__Source data__
═══

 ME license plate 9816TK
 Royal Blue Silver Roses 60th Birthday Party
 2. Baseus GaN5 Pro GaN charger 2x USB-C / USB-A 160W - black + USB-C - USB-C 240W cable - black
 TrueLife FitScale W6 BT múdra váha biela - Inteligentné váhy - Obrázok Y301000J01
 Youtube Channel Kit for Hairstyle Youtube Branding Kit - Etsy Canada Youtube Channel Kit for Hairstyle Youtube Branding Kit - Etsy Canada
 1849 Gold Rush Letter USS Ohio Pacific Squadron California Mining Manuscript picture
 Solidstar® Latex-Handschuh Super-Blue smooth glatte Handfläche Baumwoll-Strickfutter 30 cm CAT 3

═══

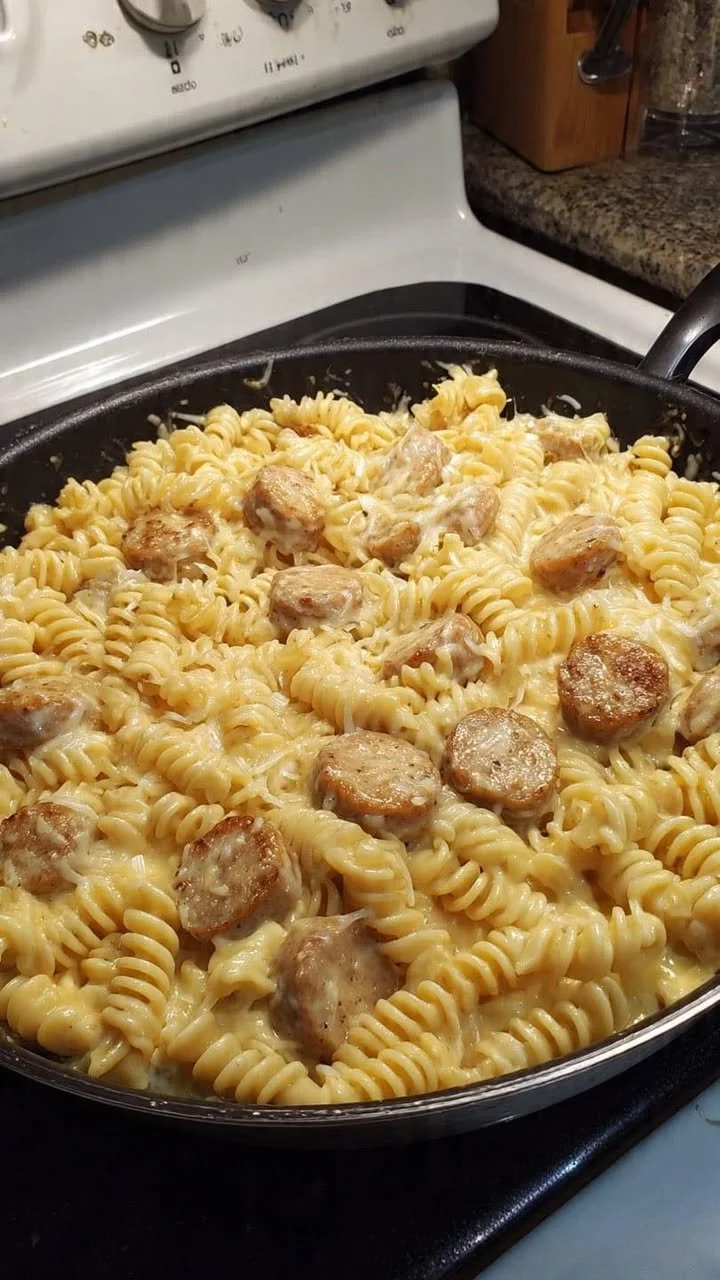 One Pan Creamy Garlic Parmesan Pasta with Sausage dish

═══

__Action item__
Retype, in the same exact form, the lines of the material above from the line holding "ME license plate 9816TK" through the line holding "Solidstar® Latex-Handschuh Super-Blue".

__Answer for this exercise__
 ME license plate 9816TK
 Royal Blue Silver Roses 60th Birthday Party
 2. Baseus GaN5 Pro GaN charger 2x USB-C / USB-A 160W - black + USB-C - USB-C 240W cable - black
 TrueLife FitScale W6 BT múdra váha biela - Inteligentné váhy - Obrázok Y301000J01
 Youtube Channel Kit for Hairstyle Youtube Branding Kit - Etsy Canada Youtube Channel Kit for Hairstyle Youtube Branding Kit - Etsy Canada
 1849 Gold Rush Letter USS Ohio Pacific Squadron California Mining Manuscript picture
 Solidstar® Latex-Handschuh Super-Blue smooth glatte Handfläche Baumwoll-Strickfutter 30 cm CAT 3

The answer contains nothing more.